Я также посетил и один блюзовый клуб в Сохо — это произошло в свободный день во время турне The blues and Gospel Caravan, со мной пошли и некоторые из моих тогдашних подопечных. Там я заметил странное создание, которое слушало музыку, стоя в дверном проеме. У него были необычайные волосы — выкрашенные под блондина, вздыбленные и распушенные во все стороны. Пальто военного покроя было жеманно собрано у пояса, на ногах какие-то невообразимые ботинки. Мне только предстояло усвоить, что в отличие от Америки, где все бунтари поголовно носили джинсы и каждый был слишком зажат, чтобы играть в игры с половой принадлежностью, английские ребята бунтовали, изо всех сил стараясь одеваться эксцентрично. Я спросил об этом стильном слушателе, и мне сказали, что он неплохой блюзовый певец и его имя очень просто запомнить — Род Стюарт.
Тем вечером в Бирмингеме я видел вполне стандартный состав — квартет с лидер-вокалистом, игравшим на клавишных и гитаре. Репертуар состоял из смеси фолк- и скиффл-песен, блюзов и небольшого количества музыки Вест-Индии. Певцу было лет пятнадцать, и у него был самый убедительный белый блюзовый голос из всех, что я слышал. Это был юный вундеркинд по имени Стив Уинвуд, игравший в составе The Spencer Davis Group. Они были первой фолк-роковой группой, которую я услышал Из паба я ушел с решением собрать подобную команду в Америке.
Вернувшись той осенью, после джазового турне в Нью-Йорк, я разыскал Пола Ротшильда. За год, прошедший со времени сессий звукозаписи Джесси Фуллера, все в его жизни очень сильно изменилось.

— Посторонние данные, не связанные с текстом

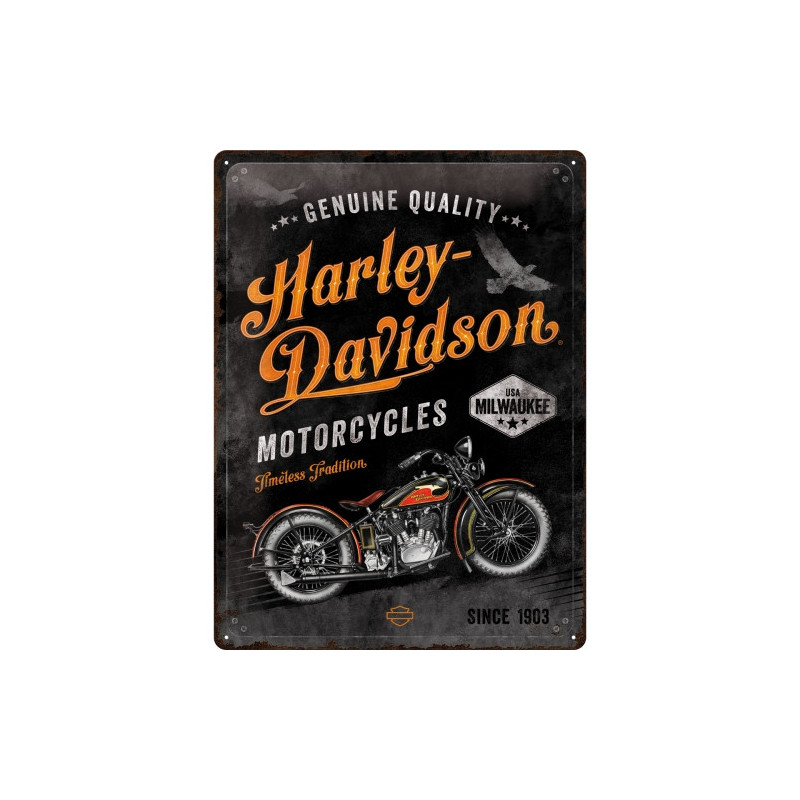 Harley-Davidson Blechschild Timeless Tradition - Nostalgic-Art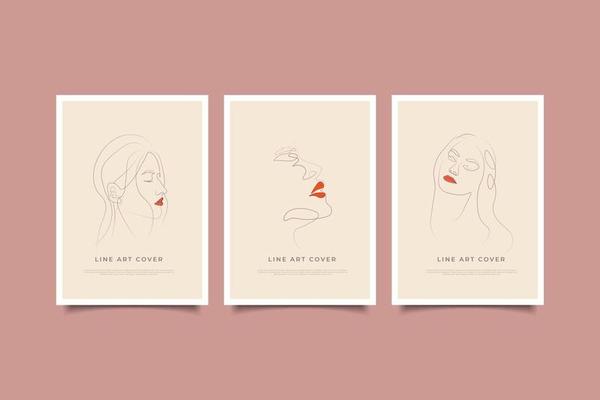 abstract minimalist hand drawn cover collection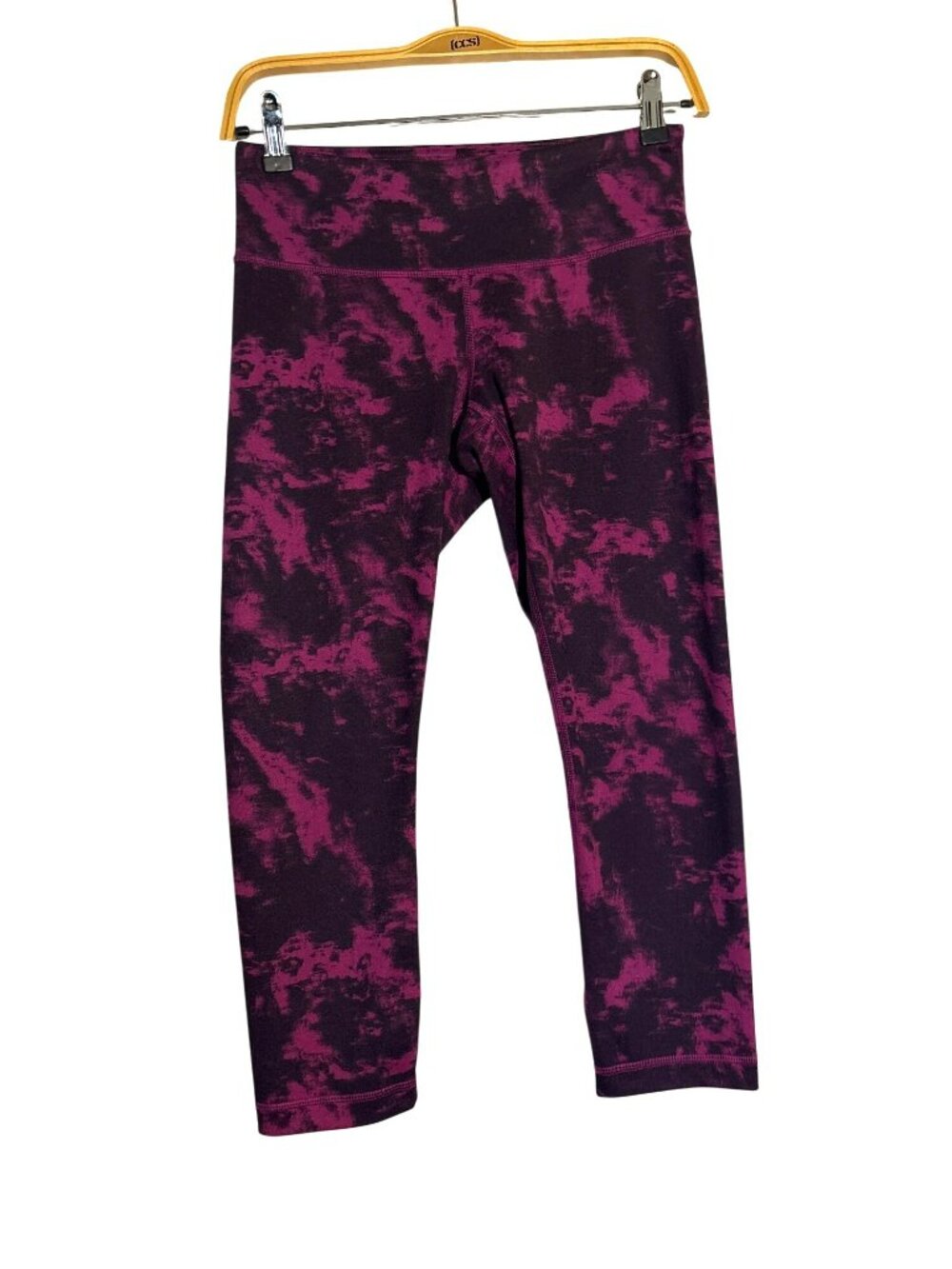 Lululemon Wunder Under Purple Tie-Dye Cropped Leggings Size 6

Джек Хольцман из фирмы Elektrа, раздосадованный отставанием от Prestige и Vanguard в соревновании за звание «продвинутого фолк-лейбла», соблазнил Пола более высокой зарплатой и большими бюджетами. Теперь Ротшильд занимал угловой офис в главном управлении фирмы, расположенном недалеко от центра.
Он занимался продвижением новых пластинок, для чего встречался с рекламистами из Brill Building и ездил на торговые конференции. Пластинки эти он продюсировал сам, и число его заказчиков быстро возрастало. Пол — и это было очень важно — становился замечательным продюсером; его будущие работы с The Doors и Джанис Джоплин войдут в число лучших записей эпохи.
Сидя за кружкой пива в баре в Ист-Виллидж, я подробно рассказал Полу о том, как английские девчонки-тинейджеры ждали снаружи гримерной Мэдди Уотерса, чтобы получить автограф; о Melody Maker, газете, в которой соседствовали статьи о поп-, фолк-музыке, джазе и блюзе; и о белых блюзовых певцах, полных двусмысленной чувственности, выстраивающихся в очередь, чтобы вслед за The Stones попасть в Тор Теп. И я рассказал ему о The Spencer Davis Group.